Kondisi perekonomian yang sedang terpuruk saat ini juga berimbas terhadap
menurunnya harga komoditas getah karet dan kelapa sawit diduga dapat berdampak
terhadap kelestarian tegakan gelam. Jumlah permintaan dan harga kayu gelam yang
relatif stabil dapat berpotensi menarik minat para para penyadap karet upahan untuk
beralih menjadi pengumpul gelam. Hasil investigasi kami di lapangan dapat mengungkap
bahwa para pencari gelam yang bermukim di wilayah Rengas Potong, tidak hanya warga
asli Desa Riding tetapi mereka pendatang dari wilayah Sirah Pulau (SP) Padang (salah satu
wilayah Kecamatan di Kabupaten OKI).
Hal yang akan menjadi faktor penentu keberlanjutan sumber pendapatan
masyarakat pengumpul gelam adalah kelestarian tegakan gelam di hutan alam. Jika hanya
mengandalkan tegakan alam tanpa adanya upaya budidaya dan pengaturan ekstraksi
maka berpotensi menghadapi kehilangan pendapatan dari gelam. Untuk itu, eksplotasi
gelam oleh masyarakat ini juga perlu diatur agar mampu menjamin kelestarian
pendapatan mereka. Selain itu, eksploitasi kayu gelam dari dalam kawasan Suaka
Margasatwa Sugihan perlu dihentikan untuk menjaga habitat satwa di dalamnya dan
meminimalkan potensi kebakaran hutan rawa gambut di dalam kawasan SM (Suaka
Margasatwa) tersebut.
Seperti telah disinggung di muka, meskipun wilayah Desa Riding sangat luas,
namun sebagian besar arealnya berupa Kawasan Hutan. Areal yang dikelola secara
intensif oleh masyarakat dan telah dibebani Hak Milik tidak lebih dari 13.000 ha. Areal
tersebut umumnya digunakan sebagai tanah sawah/pertanian (383 ha), pekarangan (22
ha), tegalan (10.465 ha) dan perkebunan (1.537 ha). Selebihnya, sekitar 80% areal Desa
Riding adalah berupa kawasan Hutan Produksi (HP), Hutan Konservasi (HK), dan Areal
Penggunaan Lain (APL). Kawasan HP tersebut saat ini telah menjadi areal konsesi IUPHHK-
HTI PT. Bumi Mekar Hijau (PT. BMH), Sinar Mas Group. Adapun, HK merupakan bagian
dari kawasan Suaka Margasatwa Padang Sugihan.

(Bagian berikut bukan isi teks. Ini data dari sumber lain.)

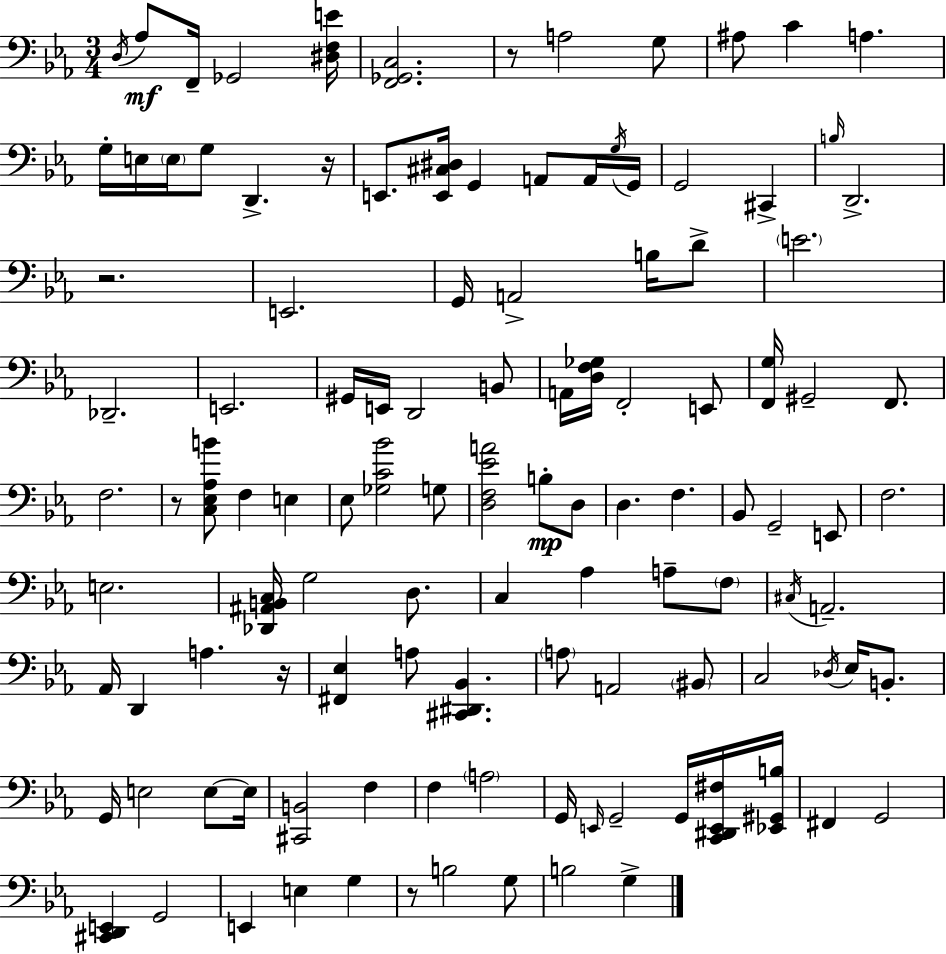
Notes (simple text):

D3/s Ab3/e F2/s Gb2/h [D#3,F3,E4]/s [F2,Gb2,C3]/h. R/e A3/h G3/e A#3/e C4/q A3/q. G3/s E3/s E3/s G3/e D2/q. R/s E2/e. [E2,C#3,D#3]/s G2/q A2/e A2/s G3/s G2/s G2/h C#2/q B3/s D2/h. R/h. E2/h. G2/s A2/h B3/s D4/e E4/h. Db2/h. E2/h. G#2/s E2/s D2/h B2/e A2/s [D3,F3,Gb3]/s F2/h E2/e [F2,G3]/s G#2/h F2/e. F3/h. R/e [C3,Eb3,Ab3,B4]/e F3/q E3/q Eb3/e [Gb3,C4,Bb4]/h G3/e [D3,F3,Eb4,A4]/h B3/e D3/e D3/q. F3/q. Bb2/e G2/h E2/e F3/h. E3/h. [Db2,A#2,B2,C3]/s G3/h D3/e. C3/q Ab3/q A3/e F3/e C#3/s A2/h. Ab2/s D2/q A3/q. R/s [F#2,Eb3]/q A3/e [C#2,D#2,Bb2]/q. A3/e A2/h BIS2/e C3/h Db3/s Eb3/s B2/e. G2/s E3/h E3/e E3/s [C#2,B2]/h F3/q F3/q A3/h G2/s E2/s G2/h G2/s [C2,D#2,E2,F#3]/s [Eb2,G#2,B3]/s F#2/q G2/h [C#2,D2,E2]/q G2/h E2/q E3/q G3/q R/e B3/h G3/e B3/h G3/q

Sebagian besar responden berpandangan bahwa cara mengolah lahan gambut
untuk bisa ditanami adalah dengan cara membakar. Dengan adanya larangan membakar
maka mereka berharap ada bantuan dari pemerintah untuk mengolah lahan rawa
tersebut. Terkait dengan upaya pencegahan kebakaran lahan rawa gambut, Proyek
Penanggulangan dan Pencegahan Kebakaran Hutan yang didanai oleh Uni Eropa (South
Sumatra Forest Fire Management Project) telah mengimplementasikan beberapa
program pembangunan di Desa Riding, yakni pendidikan lingkungan bagi anak sekolah,
pemetaan partisipatif lahan desa, dan pemberdayaan masyarakat. Upaya pemberdayaan
-
Aspek Sosial Ekonomi
227
yang dilaksanakan di Desa Riding adalah usaha penggemukan kerbau. Namun program
tersebut dapat dikatakan tidak berhasil, kerbau bantuan dari proyek tersebut bukannya
digulirkan di dalam kelompok tani melainkan dijual. Program serupa telah dicoba oleh
Manggala Agni melalui program penggemukan kambing etawa. Namun program tersebut
juga belum mampu meminimalkan kebakaran hutan dan lahan.
B. Pembahasan
Berdasarkan uraian hasil penelitian di muka tampak bahwa kejadian kebakaran
hutan dan lahan gambut seiring dengan dinamika pada sistem lingkungan yaitu
terganggunya keseimbangan ekosistem rawa gambut. Gangguan terhadap keseimbangan
ekosistem gambut disebabkan oleh aktivitas dan dinamika yang terjadi pada sistem
ekonomi. Sistem ekonomi yang terjadi dalam skala rumah tangga terkait dengan proses
produksi dan konsumsi atas barang dan jasa oleh rumah tangga yang tergambar dalam
pemanfaatan lahan gambut. Dalam kasus pemanfaatan lahan gambut di desa Riding,
Kabupaten OKI, rumah tangga memproduksi barang konsumsi berupa beras melalui
aktivitas budidaya padi sonor. Pada skala perusahaan, juga terjadi proses eksploitasi lahan
gambut oleh firma yang tujuannya juga memproduksi barang konsumsi. Jenis barang
konsumsi yang diproduksi oleh perusahaan adalah barang setengah jadi (intermediate
goods) yaitu kayu bahan baku pulp dan kertas.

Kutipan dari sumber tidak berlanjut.